Table S6 is titled, “Adverse Events by Grade, MedDRA Type and Treatment Group”. We’re not given any further clues as to what exactly this table represents. The update to the table hasn’t clarified it either - perhaps ambiguity here is helpful? For clarity - remind yourself of the issue, above is Table S6, with Sunday 4th’s version on the left, and the recently altered version on the right. The ‘totals’ we’re looking at are in the first row, “Grade 5, N=x”. Below is Table 3, “Secondary Outcomes with Ivermectin as Compared with Placebo”.
Put simply, until April 5th, the deaths in Table 3 and Table S3 didn’t match, and they are now exactly the same.
Before I get into what I think is happening here, I want to go through a possible explanation. I asked around, and some researchers think Table 3 could represent data for ‘Intention to Treat’ patients, while Table S6 could be the ‘Modified Intention to Treat’ population.
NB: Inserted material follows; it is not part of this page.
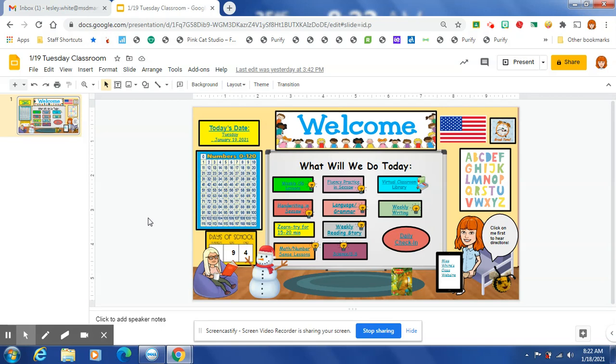So we are continuing a lot of our skills from last week. We had to do two days of NWEA testing. That takes up a lot of time. So we are continuing the same story that you'll find right here, On My Way to School.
This difference in the ‘patient populations’ could explain the difference in deaths, but it renders the recent alteration inexplicable because the deaths are now the same.
I’m not fully convinced by these explanations, firstly because the differences between ITT and MITT populations are quite small, for Ivermectin it’s a change of just 5 patients. Stretching the explanation, if Table S6 is supposed to represent ‘Per Protocol’ then we would expect a difference because there are 55 fewer patients in the IVM ‘Per Protocol’ population. If we expect a difference, why have the tables been updated in such a way as to make them the same?
The second reason I’m not convinced is because we are having to infer what these changes mean after the fact. We don’t have a changelog of what was altered and why. We weren’t clear on why there should be any difference in deaths in the first place, and the one explanation I found doesn’t tell us why the numbers should now be the same. Is there another explanation? We have a tiny snippet from Mills that might help to illuminate things…
Mills’ email from April 3rd suggests Table S6 is all-cause deaths. Table 3, he says, “should have been labelled COVID deaths. We will have that inserted.” That could explain why there was a difference in deaths between Table S6 and Table 3. It’s also credible: the study protocol on page 14 specifically says that ‘All-cause, respiratory and cardiovascular death’ were being evaluated as secondary objectives. Let’s move forward with the all-cause death explanation because as we follow its logic, it reveals a critical issue.